How far we have progressed since then. Indeed, for some years now, distilleries have been assiduously trying to appeal to women, and to dissipate the drink’s hunting, shooting and fishing persona. Little wonder, then, that they rage at finding themselves portrayed as out of touch when it comes to attitudes to women.

It would seem that Murray, with his lascivious turn of phrase, is in danger of becoming the scapegoat for an industry-wide problem. Joseph Heller’s novel Something Happened opens with the line: “I get the willies when I see closed doors.” I feel the same when I hear the call to ban books. Censorship or cancelling is never the answer. Suppressing people’s voices creates resentment and a sense of embattlement. That is not the way to enlighten. A savvier editor might have had a quiet word with Murray about his more egregiously sexist entries. Likewise, the magazines in which Paskin promoted such guff should have suggested a rethink.

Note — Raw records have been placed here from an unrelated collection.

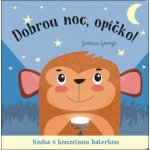 Svojtka & Co. Dobrou noc, opičko! Kniha s kouzelnou baterkou – Hledejceny.cz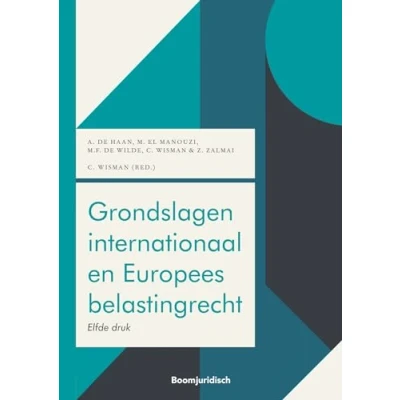 Afbeelding van Boom fiscale studieboeken Grondslagen internationaal en Europees belastingrecht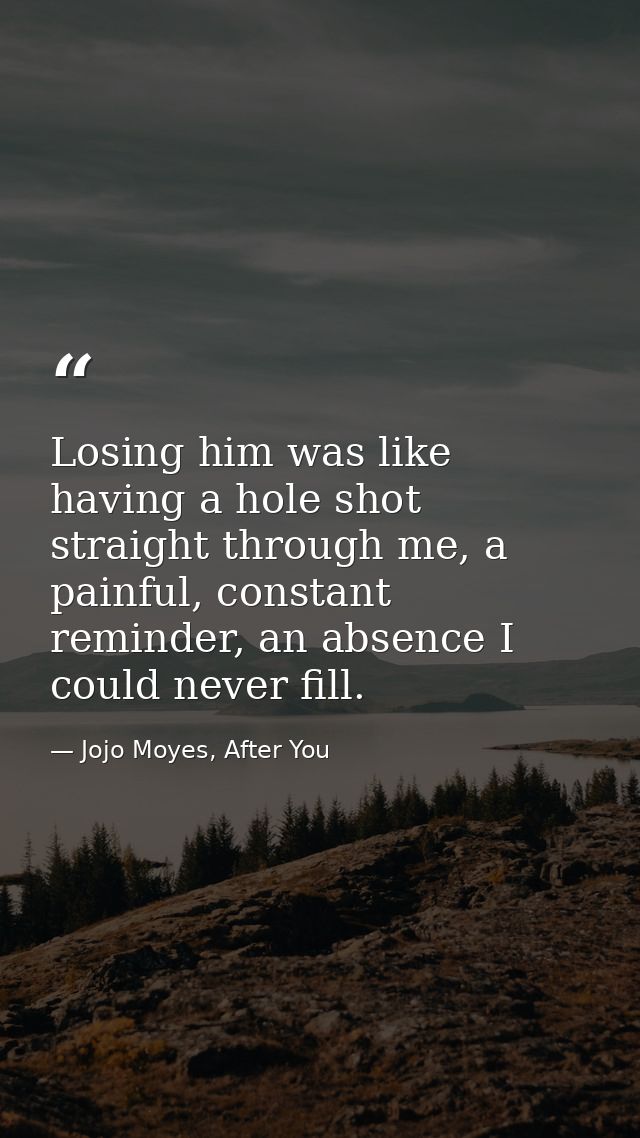 Losing him was like having a hole shot straight through me, a painful, constant reminder, an absence I could never fill. — Jojo Moyes, After You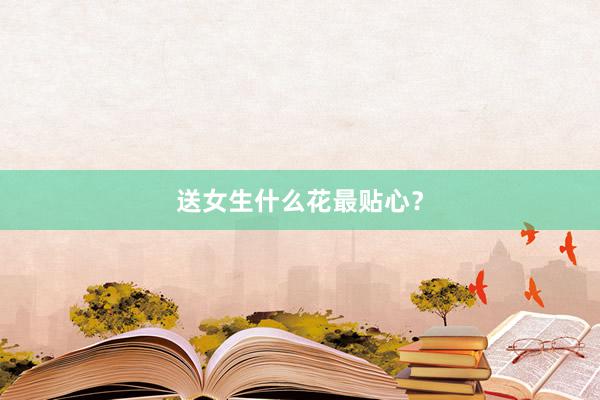 送女生什么花最贴心？
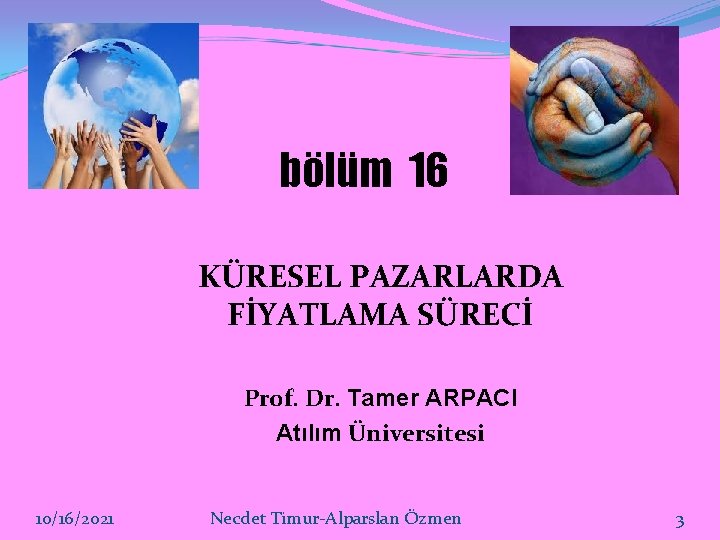 bölüm 16 KÜRESEL PAZARLARDA FİYATLAMA SÜRECİ Prof. Dr. Tamer ARPACI Atılım Üniversitesi 10/16/2021 Necdet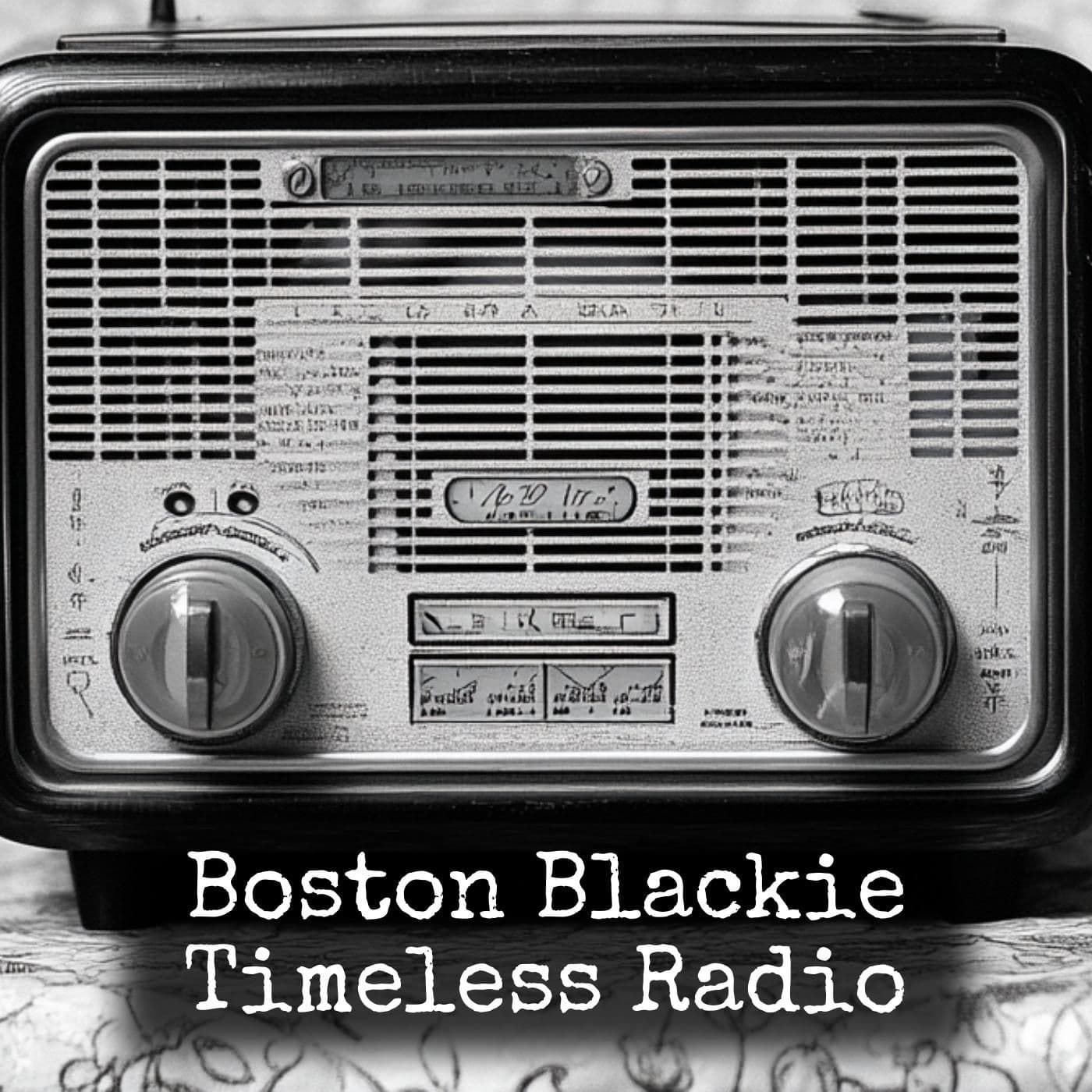 Boston Blackie - Timeless Radio - Podcasts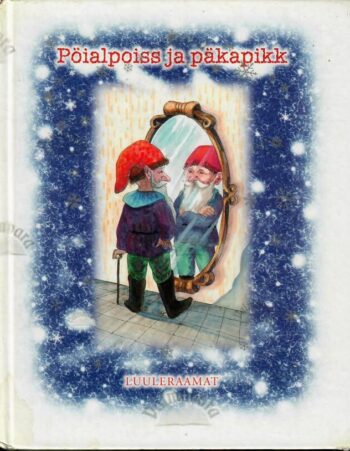 Pöialpoiss ja päkapikk, 1999 Pöialpoiss ja päkapikk, 1999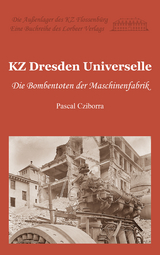 KZ Dresden Universelle - Pascal Cziborra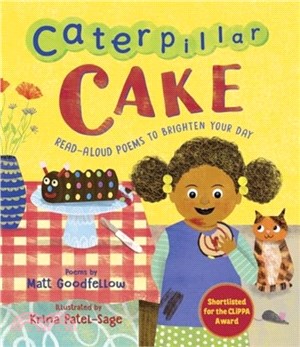 Caterpillar Cake：Read-Aloud Poems to Brighten Your Day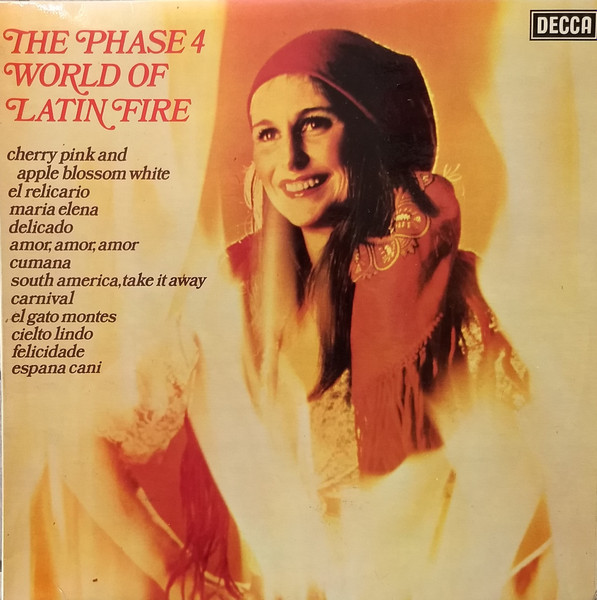 Various - The Phase 4 World Of Latin Fire | Decca (SPA 408)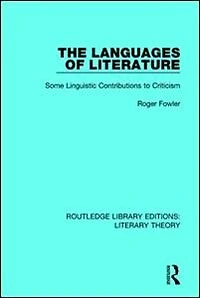 The Languages of Literature: Some Linguistic Contributions to Criticism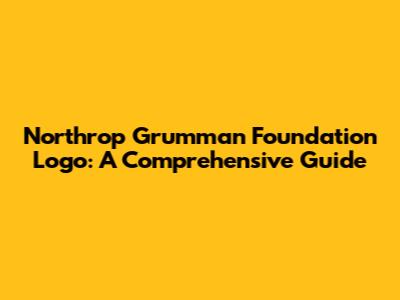 Northrop Grumman Foundation Logo: A Comprehensive Guide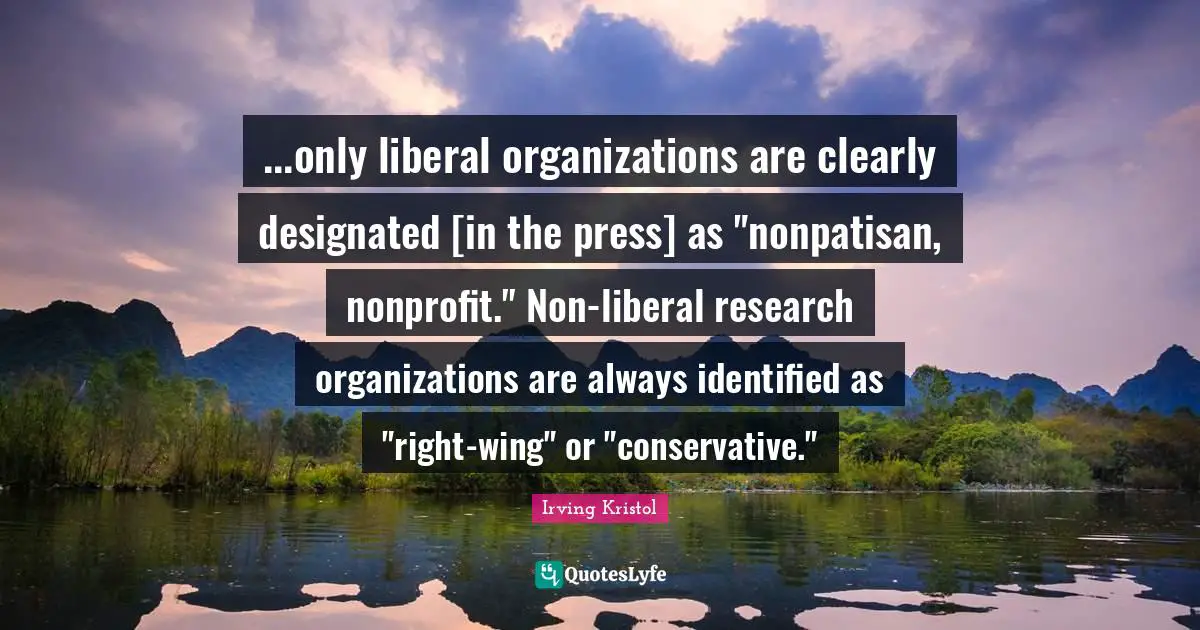 ...only liberal organizations are clearly designated [in the press] as "nonpatisan, nonprofit." Non-liberal research organizations are always identified as "right-wing" or "conservative."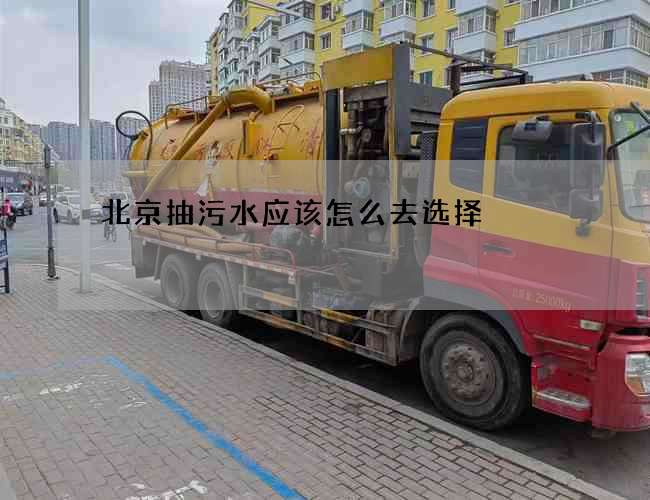 北京抽污水应该怎么去选择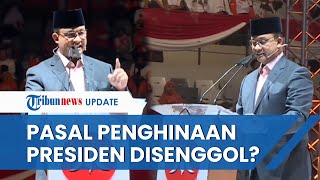 Anies Singgung Kebebasan Berpendapat Rakyat, Senggol RKUHP Pasal Penghinaan Presiden dan Wapres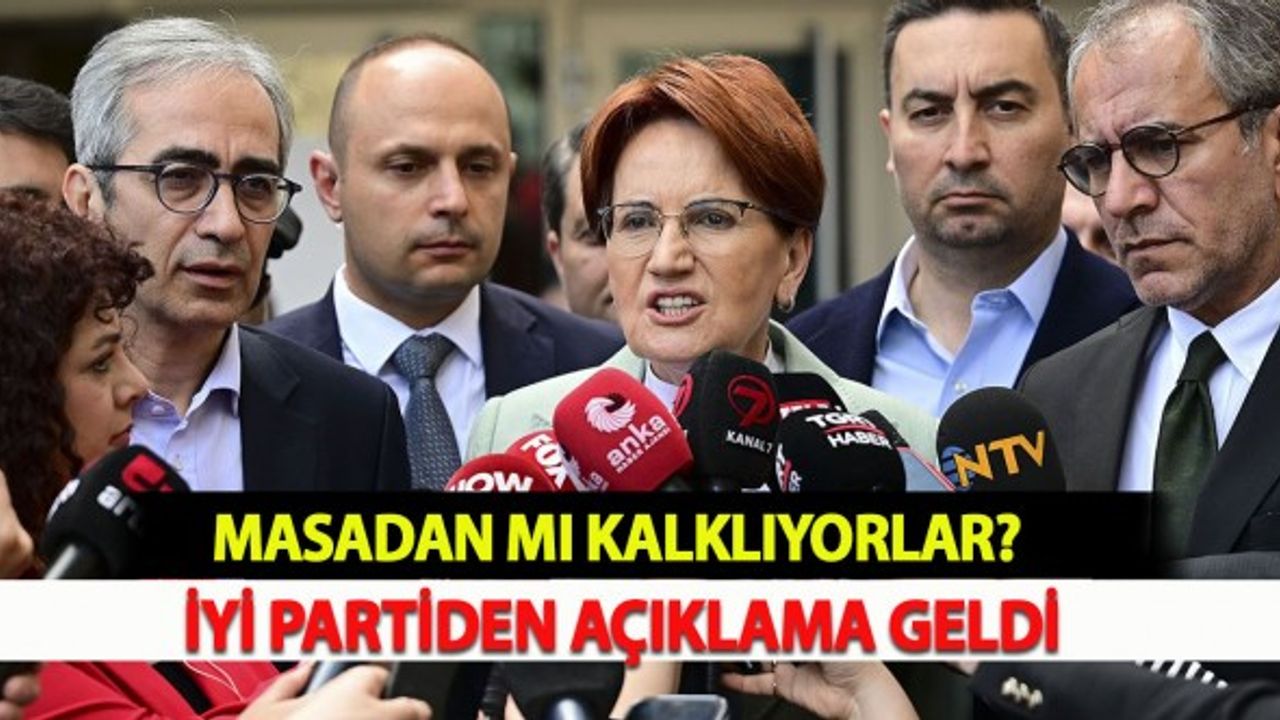 Masadan Mı Kalklıyorlar? İYİ Partiden Açıklama Geldi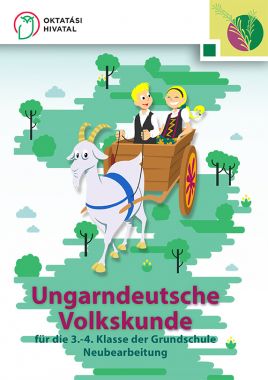 Ungarndeutsche Volkskunde für die 3.-4. Klasse der Grundschule Neubearbeitung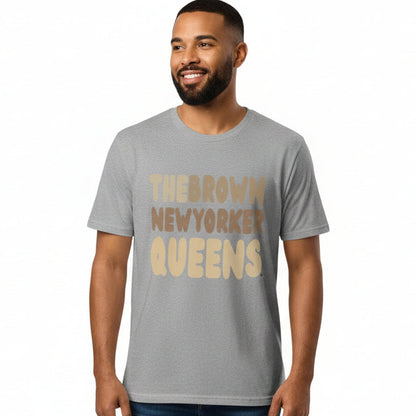 The Brown New Yorker Queens Premium Unisex T-Shirt - Available in Assorted Colors
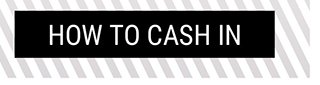 How to Cash In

There’s no doubt this bitter stramash will have sent shock waves through the vaults. You can be sure that any hint of discriminatory language and innuendo when promoting whisky will now be strictly verboten. Yet should Murray’s book be taken off the shelves? Emphatically not. By that measure, countless titles, containing casual or overt misogyny, should be thrown onto the pyre, from Casanova’s memoirs and Ian Fleming’s Bond thrillers, to all those crime novels where women – many of them written by women – are merely sacrificial victims for psychopaths.

Books, opinions, and attitudes are products of their times. Murray’s mistake was not to recognise the changing climate and adapt before getting caught up in a wave of self-recriminatory retribution. That he remained in Jurassic Park is partly a reflection of the drinks industry condoning such an outlook. Anyone taking his book off the shelf who finds his sexual fantasising off-putting can easily find another guide. He is guilty of poor taste but that is no reason to call time on him.